Cette attitude rappelle qu’il y a quelques semaines, la direction de la police hollandaise et des syndicats de policiers s’étaient émus du fait que certains de leurs collègues refusaient depuis des mois, « pour des raisons morales » de protéger des évènements (conférences, cérémonies) ou des lieux (synagogues, musée juif, Maison d’Anne Frank) liés à la communauté juive. Peut-être est-il temps d’enquêter en profondeur sur l’infiltration de la police par des éléments extrémistes et de prendre les mesures qui s’imposent.
Dans le monde, condamnations unanimes
En Israël, le choc a été terrible. Le Premier ministre, Benyamin Netanyahou, a déclaré qu’il enverrait deux avions aux Pays-Bas pour en évacuer des Israéliens, mais il s’est ravisé quand l’ordre a été rétabli. L’armée israélienne a, cependant, interdit au personnel militaire de se rendre aux Pays-Bas.
Mais la vague d’émotion a largement dépassé les frontières de l’Etat juif. Dans un message publié ce vendredi sur « X », le Président français, Emmanuel Macron a condamné des violences qui rappellent « les heures les plus indignes de l’Histoire », tandis que son homologue américain sortant, Joe Biden, évoquait des « attaques antisémites méprisables et faisant écho à des moments sombres de l’histoire où les juifs ont été persécutés » et que le chancelier Olaf Scholtz déclarait « Celui qui attaque des Juifs nous attaque tous ».
Amsterdam se souvient d’une nuit noire et même aujourd’hui, il fait encore nuit. Notre ville est profondément abimée, notre vie et notre culture juive sont menacées.
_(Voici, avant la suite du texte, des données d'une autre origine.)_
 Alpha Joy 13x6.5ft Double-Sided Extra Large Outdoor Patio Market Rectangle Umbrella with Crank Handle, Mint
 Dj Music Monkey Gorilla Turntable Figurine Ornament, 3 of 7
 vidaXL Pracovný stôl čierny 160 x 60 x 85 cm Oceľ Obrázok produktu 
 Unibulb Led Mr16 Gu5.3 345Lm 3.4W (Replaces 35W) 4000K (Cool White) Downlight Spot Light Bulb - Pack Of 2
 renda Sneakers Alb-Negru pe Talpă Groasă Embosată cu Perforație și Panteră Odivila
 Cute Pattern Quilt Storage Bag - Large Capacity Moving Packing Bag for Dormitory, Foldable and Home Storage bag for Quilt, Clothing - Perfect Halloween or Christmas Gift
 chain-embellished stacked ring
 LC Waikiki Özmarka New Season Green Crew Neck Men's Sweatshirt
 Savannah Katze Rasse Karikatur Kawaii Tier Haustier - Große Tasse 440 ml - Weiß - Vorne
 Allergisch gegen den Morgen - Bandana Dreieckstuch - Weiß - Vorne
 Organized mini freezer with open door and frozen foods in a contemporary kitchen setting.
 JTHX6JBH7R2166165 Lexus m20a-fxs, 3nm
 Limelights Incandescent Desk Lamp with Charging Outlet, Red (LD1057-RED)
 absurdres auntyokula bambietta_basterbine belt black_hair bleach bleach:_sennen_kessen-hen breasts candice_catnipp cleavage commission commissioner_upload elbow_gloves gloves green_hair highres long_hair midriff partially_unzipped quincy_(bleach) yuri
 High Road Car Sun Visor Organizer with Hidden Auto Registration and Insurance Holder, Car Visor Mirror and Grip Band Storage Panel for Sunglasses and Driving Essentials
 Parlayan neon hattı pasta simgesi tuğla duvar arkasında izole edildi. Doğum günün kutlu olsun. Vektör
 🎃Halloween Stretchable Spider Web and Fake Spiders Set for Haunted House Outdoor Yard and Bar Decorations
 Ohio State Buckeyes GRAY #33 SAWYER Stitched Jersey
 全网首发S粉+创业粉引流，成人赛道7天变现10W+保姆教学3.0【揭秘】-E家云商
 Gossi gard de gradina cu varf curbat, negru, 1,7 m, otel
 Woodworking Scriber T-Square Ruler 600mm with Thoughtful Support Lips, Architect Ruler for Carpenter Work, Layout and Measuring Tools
Mais c’est des Pays-Bas que sont venues les déclarations les plus fortes, peut-être parce que ce pogrom s’est déroulé dans la ville d’Anne Frank et à quelques centaines de mètres de la maison où sa famille se cacha dans l’espoir vain d’échapper aux Nazis. « Amsterdam se souvient d’une nuit noire et même aujourd’hui, il fait encore nuit. Notre ville est profondément abimée, notre vie et notre culture juive sont menacées. La guerre au Moyen-Orient menace également notre ville… », a indiqué la maire d’Amsterdam.
Le Roi Willem-Alexander lui-même s’est exprimé, en termes d’une haute tenue et en exprimant son profond dégoût : « Nous avons failli envers la communauté juive pendant la Seconde Guerre mondiale, et la nuit dernière, nous avons failli à nouveau ».